What does it actually look like?

Let's plot the covariance function for a few different values of $V$ and $l$, and then random draws from the corresponding GPs.


In [2]:
r = np.r_[0:5:251j]
def expsquared(l, r):
    return np.exp(-(r/l)**2/2)
pl.figure(figsize=(14,5))
cols = ['b','g','r']
lss = ['-', '--', ':']
l = [0.1,0.5,2]
V = [0.1,0.5,2]
ax1 = pl.subplot(121)
for i in range(len(l)):
    pl.plot(r,1*expsquared(l[i],r), label = r"$l=$%s" % repr(l[i]), c = cols[i])
pl.legend(loc=0)
pl.title(r"Squared exponential kernel ($V=1$)")
pl.xlabel(r"$r$")
pl.ylabel(r"$k_{\mathrm{SE}}(r)$")
ax2 = pl.subplot(122, sharex = ax1, sharey = ax1)
for i in range(len(V)):
    pl.plot(r,V[i]*expsquared(1,r), label = r"$V=$%s" % repr(V[i]), c = 'k', ls = lss[i])
pl.legend(loc=0)
pl.title(r"Squared exponential kernel ($l=1$)")
pl.xlabel(r"$r$")
pl.xlim(0,3)
pl.ylim(0,2.1);



In [3]:
t = r - 2.5
pl.figure(figsize=(14,5))
for i in range(len(l)):
    if i == 0:
        ax1 = pl.subplot(131)
    else: 
        axc = pl.subplot(1,3,i+1, sharex = ax1, sharey = ax1)
    for j in range(len(V)):
        gp = GP(V[j] * kernels.ExpSquaredKernel(l[i]**2))
        gp.compute(t,yerr=1e-3)
        sam = gp.sample(t).flatten()
        pl.plot(t,sam,c=cols[i],ls=lss[j], label = r"$V=$%s" % repr(V[j]))
    pl.title(r"$l=$%s" % repr(l[i]))
    pl.legend(loc=0)
    pl.xlabel(r"$t$")
pl.xlim(-2.5,2.5)
pl.ylim(-3,3);


So as we'd expect, $V$ controls the amplitude and $l$ the "wigglyness" of the time-series. But can we be a bit more specific?

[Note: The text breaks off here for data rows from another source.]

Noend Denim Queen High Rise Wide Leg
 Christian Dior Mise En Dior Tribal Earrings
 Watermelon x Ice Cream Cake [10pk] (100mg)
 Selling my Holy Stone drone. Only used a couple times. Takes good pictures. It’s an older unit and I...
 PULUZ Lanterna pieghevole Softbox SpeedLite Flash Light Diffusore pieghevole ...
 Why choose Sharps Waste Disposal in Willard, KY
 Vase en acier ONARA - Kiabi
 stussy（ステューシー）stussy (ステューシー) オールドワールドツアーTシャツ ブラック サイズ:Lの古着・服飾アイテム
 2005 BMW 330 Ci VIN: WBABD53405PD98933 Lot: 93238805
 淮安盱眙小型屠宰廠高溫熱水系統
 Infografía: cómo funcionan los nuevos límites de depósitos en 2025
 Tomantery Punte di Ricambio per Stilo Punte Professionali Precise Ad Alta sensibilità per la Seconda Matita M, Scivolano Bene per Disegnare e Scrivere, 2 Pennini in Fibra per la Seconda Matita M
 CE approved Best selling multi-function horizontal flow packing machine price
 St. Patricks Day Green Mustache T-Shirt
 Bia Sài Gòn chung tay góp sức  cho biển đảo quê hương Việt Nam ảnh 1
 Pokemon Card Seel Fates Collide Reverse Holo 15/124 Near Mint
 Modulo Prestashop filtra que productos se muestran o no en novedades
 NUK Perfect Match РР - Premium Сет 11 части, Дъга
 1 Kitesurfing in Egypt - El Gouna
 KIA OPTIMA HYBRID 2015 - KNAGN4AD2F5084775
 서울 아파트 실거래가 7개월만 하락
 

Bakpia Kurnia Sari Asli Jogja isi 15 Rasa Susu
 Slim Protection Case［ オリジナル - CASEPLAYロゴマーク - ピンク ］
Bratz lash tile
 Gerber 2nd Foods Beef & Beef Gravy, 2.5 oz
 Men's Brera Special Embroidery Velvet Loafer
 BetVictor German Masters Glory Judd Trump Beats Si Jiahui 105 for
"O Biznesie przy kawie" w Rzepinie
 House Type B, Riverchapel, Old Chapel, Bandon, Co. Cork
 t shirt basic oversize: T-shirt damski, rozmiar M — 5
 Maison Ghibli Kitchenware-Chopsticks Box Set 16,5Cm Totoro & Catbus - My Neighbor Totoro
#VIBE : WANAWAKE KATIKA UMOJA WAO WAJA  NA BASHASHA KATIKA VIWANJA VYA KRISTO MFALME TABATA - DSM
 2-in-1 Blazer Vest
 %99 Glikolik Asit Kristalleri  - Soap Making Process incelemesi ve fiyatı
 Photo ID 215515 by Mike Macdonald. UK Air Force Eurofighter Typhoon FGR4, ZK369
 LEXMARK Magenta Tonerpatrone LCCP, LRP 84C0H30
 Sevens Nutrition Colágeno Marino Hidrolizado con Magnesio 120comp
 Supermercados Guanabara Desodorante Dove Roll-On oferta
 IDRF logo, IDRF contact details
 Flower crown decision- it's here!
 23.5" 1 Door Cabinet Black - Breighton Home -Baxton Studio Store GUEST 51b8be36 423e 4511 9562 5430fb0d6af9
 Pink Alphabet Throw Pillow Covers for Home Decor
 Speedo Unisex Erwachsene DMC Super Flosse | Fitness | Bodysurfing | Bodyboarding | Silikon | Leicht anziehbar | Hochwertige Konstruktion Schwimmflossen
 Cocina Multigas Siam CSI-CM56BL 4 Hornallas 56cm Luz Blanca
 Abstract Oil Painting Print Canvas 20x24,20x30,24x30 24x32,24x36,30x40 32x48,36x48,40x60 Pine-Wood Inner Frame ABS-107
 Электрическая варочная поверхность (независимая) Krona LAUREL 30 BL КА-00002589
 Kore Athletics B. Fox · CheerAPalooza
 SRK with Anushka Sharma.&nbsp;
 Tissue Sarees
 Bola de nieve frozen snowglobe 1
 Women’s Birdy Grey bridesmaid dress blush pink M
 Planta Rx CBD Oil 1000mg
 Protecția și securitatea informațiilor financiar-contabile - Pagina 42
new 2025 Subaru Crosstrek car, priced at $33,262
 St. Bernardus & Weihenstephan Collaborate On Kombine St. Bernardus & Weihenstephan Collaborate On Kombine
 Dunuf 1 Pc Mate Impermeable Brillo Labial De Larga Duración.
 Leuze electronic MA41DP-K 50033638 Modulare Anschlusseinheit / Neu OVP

What does $l$ mean exactly?

It would be useful to understand the relationship between $l$ and the typical number of turning points, or zero crossings, per unit time. I don't have a good mathematical insight into this, but I can try to get at it empirically... Warning: the next cell takes a while to run.


In [4]:
dt = np.r_[0:20:501j]
T = dt[-1]-dt[0]
logl = np.r_[-1:0.5:15j]
l = 10.0**logl
n = len(l)
nsim = 100
ntp = np.zeros((n,nsim))
def turningPoints(lst):
    dx = np.diff(lst)
    return (dx[1:] * dx[:-1] < 0)
nzc = np.zeros((n,nsim))
def zeroCrossings(lst):
    z = 0
    si = np.sign(lst)
    return (si[1:] * si[:-1] < 0)
for i in range(n):
    gp = GP(kernels.ExpSquaredKernel(l[i]**2))
    gp.compute(dt,yerr=1e-3)
    sam = gp.sample(dt, size = nsim)
    for j in range(nsim):
        tmp = sam[j,:].flatten()
        tp = turningPoints(tmp)
        ntp[i,j] = tp.sum()/float(T)
        zc = zeroCrossings(tmp)
        nzc[i,j] = zc.sum()/float(T)
ntp_mean = np.mean(ntp, axis=1)
nzc_mean = np.mean(nzc, axis=1)
for i in range(n):
    pl.plot(np.ones(nsim)*l[i], ntp[i,:].flatten(), 'k.')
    pl.plot(np.ones(nsim)*l[i], nzc[i,:].flatten(), 'r.')
pl.plot(l, ntp_mean, 'ko')
pl.plot(l, 10.0**(-0.25-np.log10(l)), 'k-', label = 'turning points')
pl.plot(l, nzc_mean, 'ro')
pl.plot(l, 10.0**(-0.5-np.log10(l)), 'r-', label = 'zero crossings')
pl.xlabel(r"$l$")
pl.legend(loc=0)
pl.loglog()
pl.xlim(0.08,4);


So, it looks like, for this kernel, the number of turning points per unit time is $n_{\mathrm{TP}} \approx 0.56/l$ and the number of zero crossings per unit time is $n_{\mathrm{ZC}} \approx 0.31/l$. Where these constants come from, I'm not sure, but the $1/l$ dependency makes sense, and also the fact that there are fewer zero crossing than turning points.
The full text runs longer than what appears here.